Secretary Kissinger has asked that I provide you with the following report.

“I have just completed over four hours of intensive discussions with Mrs. Meir, alone in the first instance, and subsequently with her key Cabinet colleagues.2 I appreciate your telegram of support for the line I intended to take with the Israelis and which, I believe, has now produced some positive results.3

“The Israelis have agreed to drawing a new map which reflects two major improvements over their past position:

a) They have agreed to draw their defensive line west of the entire city of Quneitra; and

b) They have agreed to make certain minor modifications in other parts of the line which would have them withdrawing at certain points a small symbolic distance west of the October 6 line.

“There are a number of other serious problems which remain, such as whether there is a zone of limitation; a buffer zone, and to what point Syrian civil administration will extend. Nevertheless, Israeli willingness to withdraw to a line west of Quneitra and the October 6 line is a step forward. I can represent it with Sadat, Faisal, the Amir of Kuwait and Boumedienne as a line meritorious of their support. We are by no means out of the woods because Asad will almost certainly reject this proposal. It then depends on Arab pressures on him. It ought to be possible to get some or all of the above four to weigh in with Asad. Even though it is probably a less than 50–50 chance that the Syrians will accept this line, we will have made important gains with key Arabs which should help reduce the adverse impact should the negotiations reach an impasse.

[Page 224]

“I will meet with Gromyko tomorrow,4 and I plan to say as little as possible to him regarding where matters stand on the Middle East in order to reduce the possibility that he can involve himself directly in the negotiations in an unhelpful manner. After returning to Israel tomorrow night, at which I hope to receive the new map as described above, with the support of the Cabinet, I will proceed to Damascus on Wednesday morning to make a major effort with Asad.”

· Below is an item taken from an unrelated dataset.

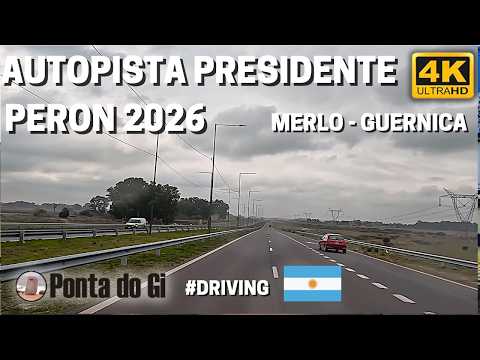 Autopista Presidente Perón - Recorrido total habilitado julio 2026 SIN CORTES - AMBA 4K ARGENTINA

  1. Source: National Archives, Nixon Presidential Materials, NSC Files, Kissinger Office Files, Box 136, Country Files, Middle East, Dinitz, January 1–July 1, 1974. Secret; Sensitive; Exclusively Eyes Only. Sent for information. Nixon wrote at the bottom of the first page, “Personal Message to H from RN—‛You are doing a superb job against great odds—regardless of the outcome. But let us hope and work for the best.’”
  2. No record of Kissinger’s private discussion with Meir has been found. The subsequent conversation took place on May 5 from 10:15 a.m. to 1:20 p.m. at the Prime Minister’s office in Jerusalem. (Memorandum of conversation; ibid., RG 59, Records of Henry Kissinger, 1973–77, Box 8, Nodis Memcons, May 1974, Folder 2)
  3. See Documents 40 and 41.
  4. The report of the meeting between Kissinger and Gromyko in Nicosia on May 7 printed in Foreign Relations, 1969–1976, volume XV, Soviet Union, June 1972–August 1974, Document 179.